PALESTINE, Texas (KETK) – Who would have blamed Rudy Flores if had decided to hang up his badge for good when he retired in 2015 after a 33-year career in law enforcement.
He already had a long stint in the Texas Rangers, worked as a Galveston Police officer, a Galveston County Sheriff’s Deputy and a DPS trooper. And he was enjoying a more recent chapter in his life as a co-founder Texas Forensics Associates, a Palestine company that teaches and performs forensic investigations.
He planned to begin taking it easy and to spend more time with his family.
But something wasn’t quite right. He missed being a law officer.
“I kept thinking about returning to law enforcement and public service,” he said.
Four-term incumbent Greg Taylor announced in January 2019 he would not be seeking re-election as sheriff of Anderson County, a position he had held for 14 years.
The Republican primary for sheriff drew Flores and Frankston PD officer Jeff Taylor, no relationship to Greg Taylor. No Democrats sought the office.
Flores, a Palestine resident who had never run for public office, campaigned he was the right person for the job because he had decades of experience and was good at working with other law officers.
He campaigned as the person with “experience you can count on.”
He’s an expert in analyzing bloodstain pattern, reconstructing shooting scenes and homicide investigations. As a Texas Ranger, he was a crime-scene response team leader and served on a cold case review team member.
“I have worked a lot of major cases,” Flores said in his office. “And a lot of violent crimes.”
He told voters that he was running to bring “positive change” and promised to more often collaborate with law officers throughout the county and better utilize the talents of sheriff’s office employees.
Flores was endorsed by retiring sheriff Taylor. He received 82% of the vote for a landslide victory.
Flores is one of several men in East Texas who are serving their first term in office as sheriff. KETK recently spent time with new sheriffs to discuss their campaign, serving their communities and discussing their priorities.

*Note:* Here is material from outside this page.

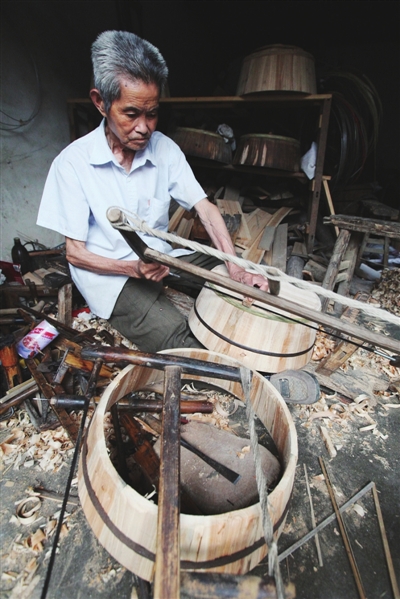 老行当箍桶匠图片,箍桶消失的老人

Anderson County has just over 1,000 square miles. The vast majority of residents live in rural areas are communities with no police departments and relies on the sheriff’s department to keep them safe and solve crimes.
Deputies help patrol portions of highways 155, 84, 287, 79 and 19. The county is home to several state prisons in the Tennessee Colony area northwest of Palestine.
Our series also features interviews with:
- Cherokee County Sheriff Brent Dickson
- Wood County Sheriff Kelly Cole
- Henderson County Sheriff Johnwayne Valdez
- And Van Zandt County Sheriff Steve Hendrix
CRACKING DOWN ON DRUGS
After winning election, Flores wasted no time assembling his leadership team. He hired Nick Webb, a former Palestine PD patrol commander, as his chief deputy. He put new people in charge of criminal investigations, corrections and patrol divisions.
“Each of these leaders brings a great combination of experience, training and leadership skill to our team,” Flores announced on the office’s new Facebook page.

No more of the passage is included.